López Rodríguez siguió esta misma postura, encaminando su preparación académica hacia estos temas humanísticos, estudió ciencias sociales con el objetivo de tener una mayor preparación académica que le permitiera interpretar y aplicar de manera refrescante el espíritu del Concilio Vaticano II, en concreto de Gaudium et spes.
Estos convulsos tiempos históricos, junto a la preparación, formación, vocación de servicio y vida activa en la sociedad, contribuyeron a forjarlos como líderes e insignes hombres de Iglesia, cuya labor pastoral siguen gravitando en la esfera eclesial dominicana.
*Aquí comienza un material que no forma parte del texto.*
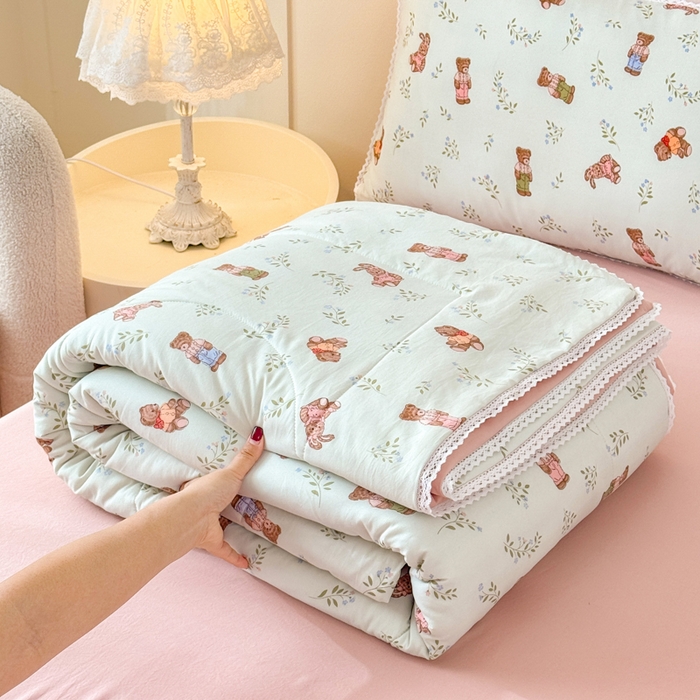 91家纺网 家纺一手货源 找家纺 仁凯家纺 2025新款A类针织棉双层纱100%新疆棉花花边夏凉被四件套（包检测）（提供买家秀） 绅士熊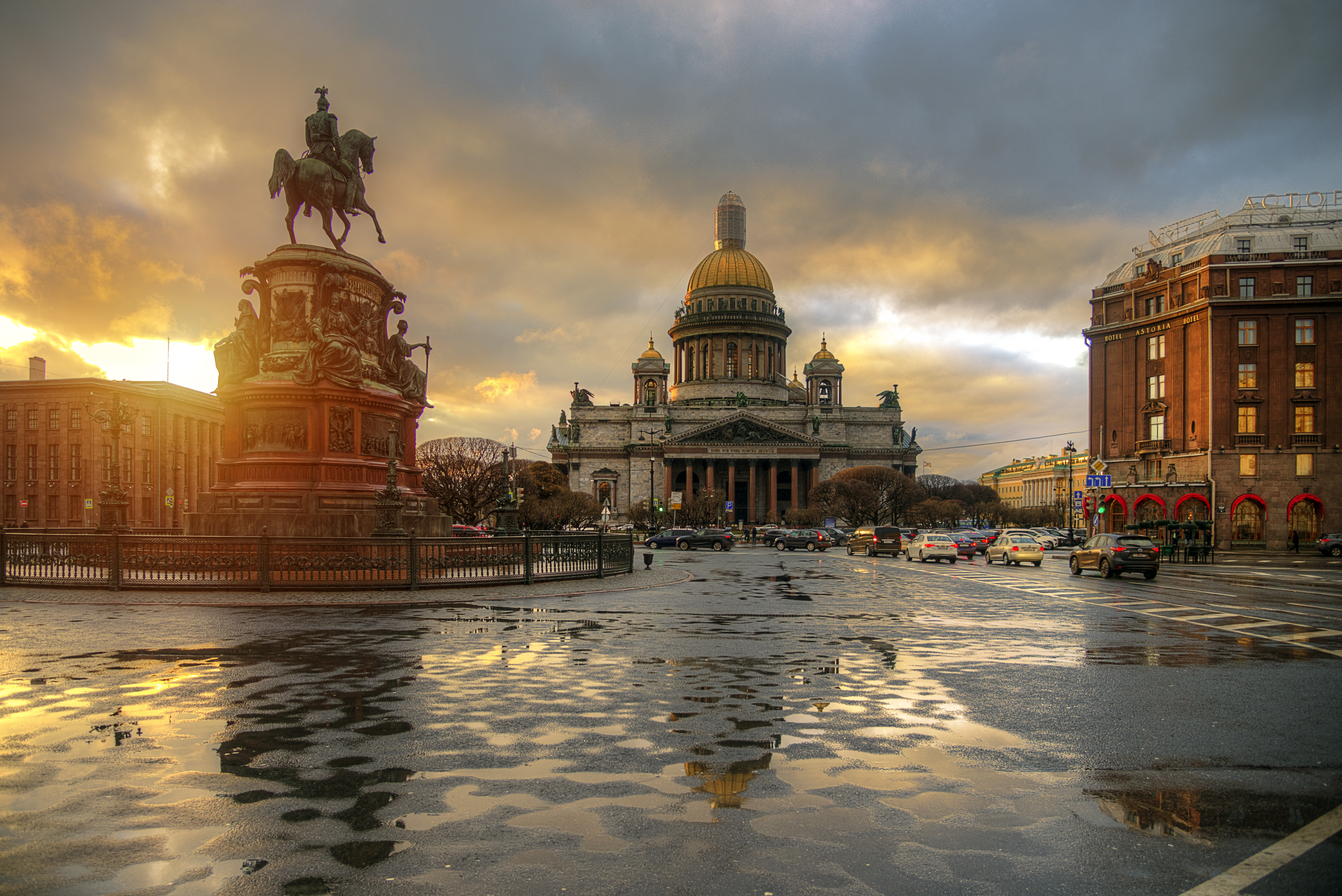 На портале Visit Petersburg можно будет забронировать номер в отеле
De Monseñor Flores Santana, se destaca su férrea vida espiritual, asceta, de elevada mística, desinteresado en las cuestiones materiales, alto sentido espiritual hacia el pueblo de Dios, sólida formación doctrinal e intelectual, espíritu de trabajo, verdadero cura de almas, apóstol de los sacramentos, padre de los pobres, maestro insigne del evangelio, hombre de Iglesia gracias a su condición irrebatible de hombre de Dios.
Sus condiciones personales como hombre de iglesia dimensionaron su episcopado hacia la cúspide, alcanzando el gobierno de una nueva jurisdicción eclesiástica, como primer Arzobispo de la Arquidiócesis de Santiago de los Caballeros, sellando así un distintivo de su vida pública y privada, un sacerdote que vivió la alegría, supo sacar sus fortalezas ante las adversidades del momento histórico, convirtiéndose en una gran autoridad de la vida religiosa, precisamente porque predicó siempre con el ejemplo.
Si Flores Santana, fue un hombre eclesial, López Rodríguez, desde sus inicios como primer obispo de San Francisco de Macorís, sería un hombre abierto a las nuevas realidades temporales, cual apóstol e intérprete de los signos de los tiempos, los supo mirar con gozo, y también con esperanza.
La preocupación política siempre fue su constante en la vida sacerdotal, se manifiesta desde joven cuando sirvió de enlace entre la Iglesia y el Movimiento 14 de junio, su ardor social por la transformación de la realidad social y eclesial no era circunstancial, ni advenediza, era don de origen que con su talento supo desarrollar. Los grandes momentos de la vida nacional le ofrecieron a la naciente estrella la ocasión de mostrar de qué madera estaba hecho.
Como arzobispo de Santo Domingo impulsó la labor de adecuar el Concilio a la realidad dominicana, consolidó el compromiso eclesial de la Iglesia con la educación, promoviendo las universidades tanto católicas como laicas, así como el surgimiento de las escuelas técnico-profesionales bajo la modalidad de los liceos politécnicos. A nivel eclesial fue un abanderado de las nuevas realidades eclesiales, promotor del laicado y gran apertura hacia los institutos de vida consagrada.
Con su incidencia nacional desde los medios de comunicación, puso en la palestra de la sociedad dominicana, las inquietudes del comprometido discurso cristiano de la Iglesia Católica, mostrando siempre la acogida calurosa y fervorosa de las enseñanzas del magisterio de Juan Pablo II, de quien supo hacer verdaderas manifestaciones de adhesión a la Sede de Pedro.
El Cardenal López Rodríguez tuvo un alcance internacional relevante, primero como presidente del Consejo de los obispos de Latinoamérica y el Caribe -CELAM- y segundo desde su condición de miembro del colegio cardenalicio, perteneciendo a múltiples organismos de la Santa Sede, agencias eclesiales y como legado del Santo Padre en eventos trascendentales de la vida de la Iglesia en distintas partes del mundo.
Estos tiempos nos hacen mirar el pasado reciente con orgullo, sintiendo una gran satisfacción por la obra que el Señor supo hacer a través de estos dos colosos de la historia eclesiástica dominicana que han marcado la labor pastoral de nuestra Iglesia.